Data section:
"""
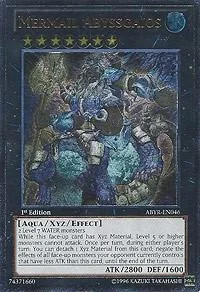 Mermail Abyssgaios (UTR) 1st Edition ABYR-EN046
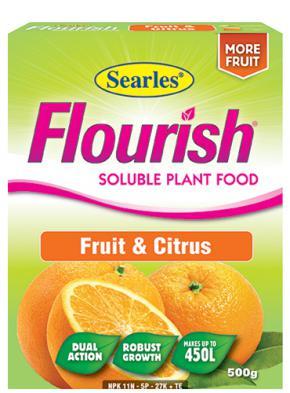 Searles Flourish - Fruit And Citrus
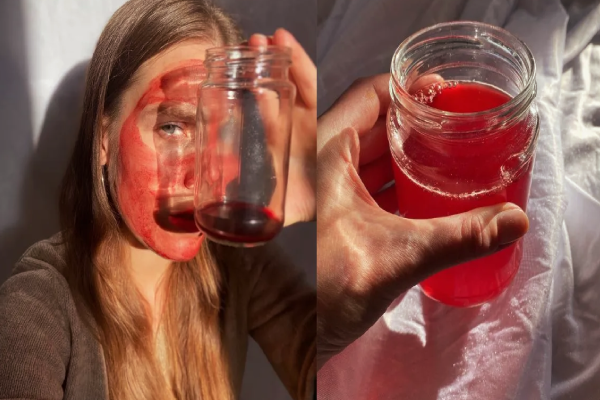 மாதவிடாய் ரத்தத்தை முகத்தில் பூசினால் என்னாகும்? தோல் மருத்துவ விளக்கம் | Menstrual Facemask Skincare Using Period Blood மாதவிடாய் ரத்தத்தை முகத்தில் பூசினால் என்னாகும்? தோல் மருத்துவ விளக்கம் | Menstrual Facemask Skincare Using Period Blood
"""
Your answer must be the lines from the line containing "Searles Flourish - Fruit And Citrus" through the final line of the data, written out exactly, both ends included and pictures left out.

 Searles Flourish - Fruit And Citrus
 மாதவிடாய் ரத்தத்தை முகத்தில் பூசினால் என்னாகும்? தோல் மருத்துவ விளக்கம் | Menstrual Facemask Skincare Using Period Blood மாதவிடாய் ரத்தத்தை முகத்தில் பூசினால் என்னாகும்? தோல் மருத்துவ விளக்கம் | Menstrual Facemask Skincare Using Period Blood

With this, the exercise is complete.